Incus cluster storage options using DRBD

In my homelab I am attempting to set up a 2-node cluster (am aware this is not a supported config - just a first step until I get more hardware). I created a DRBD resource across both servers and drbdadm status r0 shows it is fully replicated. The intention was to use an LVM thin pool over DRBD. I have LVM configured with thin pool enabled and the dm_thin_prod kernel module loaded.

On promoting the bootstrap node to be the cluster leader, I went with the option to configure a new local storage pool. When I attempt to join the secondary to the cluster, it fails with the below:

Error: Failed to join cluster: Failed to initialize member: Failed to initialize storage pools and networks: Failed to create storage pool “local”: Failed to run: pvcreate /dev/loop0: exit status 5 (Cannot use /dev/loop0: device is rejected by filter config)

The mention of the loop device has me thinking I’m not understanding something - I expected that the secondary node would use the same /dev/drbd0 resource as the primary on joining the cluster.

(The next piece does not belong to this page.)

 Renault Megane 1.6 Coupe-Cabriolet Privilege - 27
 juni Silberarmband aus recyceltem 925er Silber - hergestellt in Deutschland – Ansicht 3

I discovered the LVM filter was the issue there, so added an accept for /dev/loop.* devices. After that, the error is:

Error: Failed to join cluster: Failed to initialize member: Failed to initialize storage pools and networks: Failed to create storage pool “local”: Failed to run: pvcreate /dev/loop0: exit status 5 (Error writing device /dev/loop0 at 0 length 2048.
/dev/loop0 not wiped: aborting.)

A couple of questions:

  1. I have seen mention of lvmlockd and sanlock possibly being needed for shared LVM PVs. Unfortunately, these are not currently available on my OS (NixOS). Would their absence explain the error output I’m seeing?
  2. Is there any reasonable alternative to LVM to enable replicated storage over a DRBD device for an Incus cluster? Linstor is also not available for NixOS yet, and I understand ZFS would perform very poorly and likewise Ceph.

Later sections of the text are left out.